In summary, the range can be adjusted as required to whatever you like. This applies to any RF link where it's Line of Sight and internal noise floor (i.e. VHF and up; HF has too many wildcards, but isn't applicable to this discussion anyway).
PS: Antennas can be dielectrically loaded, hugely. Thus the phased array in a very tiny package.
Mage noted: "Omni-directional aerials have poor to terrible gain..."
Omni-directional antennas don't have to be isotropic. An omni antenna can concentrate the signal along the horizon to provide up to moderately-high gain and signal at all azimuths. Classic example is the vertical collinear array.
An isotropic antenna is the one that illuminates the entire sphere equally. And by definition thus provides 0dBi gain in all directions.
For mobile communications, where the platform (human hand-held phone, aircraft, or spacecraft) is tumbling around in all directions, then high gain antennas on the platform are generally a bad idea. The exception is where they're dynamically and actively controlled to electronically steer the signal in the desired direction. It's complicated but increasingly feasible.
The far end (the tower) can use an electronically steered antenna to focus a high gain signal on the mobile user. If they're far away, then the direction is stable. If they're close, then it doesn't matter.

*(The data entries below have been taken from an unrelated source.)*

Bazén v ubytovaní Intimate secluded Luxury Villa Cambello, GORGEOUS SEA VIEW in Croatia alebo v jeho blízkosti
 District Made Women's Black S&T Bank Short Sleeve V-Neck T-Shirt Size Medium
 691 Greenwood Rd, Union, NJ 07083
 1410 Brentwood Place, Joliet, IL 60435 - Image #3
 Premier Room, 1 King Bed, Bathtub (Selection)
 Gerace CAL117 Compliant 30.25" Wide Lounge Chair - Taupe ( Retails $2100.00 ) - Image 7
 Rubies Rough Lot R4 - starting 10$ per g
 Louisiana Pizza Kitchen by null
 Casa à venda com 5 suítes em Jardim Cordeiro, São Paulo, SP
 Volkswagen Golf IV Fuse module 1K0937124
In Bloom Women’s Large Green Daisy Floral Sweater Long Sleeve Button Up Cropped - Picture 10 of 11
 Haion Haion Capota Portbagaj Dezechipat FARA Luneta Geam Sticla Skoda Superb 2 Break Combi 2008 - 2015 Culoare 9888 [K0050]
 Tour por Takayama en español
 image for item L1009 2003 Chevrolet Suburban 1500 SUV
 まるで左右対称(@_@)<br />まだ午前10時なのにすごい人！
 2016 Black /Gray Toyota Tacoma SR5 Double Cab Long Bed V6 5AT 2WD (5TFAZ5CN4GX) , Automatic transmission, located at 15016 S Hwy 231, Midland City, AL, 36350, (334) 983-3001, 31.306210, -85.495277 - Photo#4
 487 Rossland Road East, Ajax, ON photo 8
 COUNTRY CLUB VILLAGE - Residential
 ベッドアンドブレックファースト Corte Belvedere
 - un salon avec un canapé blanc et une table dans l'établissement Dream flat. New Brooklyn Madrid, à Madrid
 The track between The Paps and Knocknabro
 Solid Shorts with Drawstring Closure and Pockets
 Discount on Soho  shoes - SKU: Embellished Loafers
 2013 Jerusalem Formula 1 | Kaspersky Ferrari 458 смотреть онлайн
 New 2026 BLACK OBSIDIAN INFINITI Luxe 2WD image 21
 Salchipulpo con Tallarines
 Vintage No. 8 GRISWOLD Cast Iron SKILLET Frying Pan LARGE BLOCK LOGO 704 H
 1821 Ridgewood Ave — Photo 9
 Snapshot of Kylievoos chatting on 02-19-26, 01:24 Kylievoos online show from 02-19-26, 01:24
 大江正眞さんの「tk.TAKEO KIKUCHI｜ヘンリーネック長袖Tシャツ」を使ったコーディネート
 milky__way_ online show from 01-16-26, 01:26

It’s still all non-ionizing radiation, so it won’t cause cancer. It would only cause ill effects if you’re standing next to a cell tower broadcasting at 30+ Watts. 5G is more about more plentiful cell sites all with a lower average power, so they should be even better than the current situation, not worse
"The trouble is that mm-wave communications don't have much range, are quite narrow and focused, and can't penetrate walls and get into buildings"
So using 5G indoors will not work. You can't even get a 3G signal in Tesco!
Should be a market opportunity for 5G repeaters somewhere.
BR mentioned, "...wireless prices in Canada..."
Worse than the price, Rogers occasionally forgets to plug the Ethernet cable into the "tower". So I sit here with a lovely 4G signal with 4 or 5 bars, and essentially zero data throughput. Being in the forest, I don't suspect heavy data usage from all the spruce trees. So I'm left to conclude that Rogers are idiots.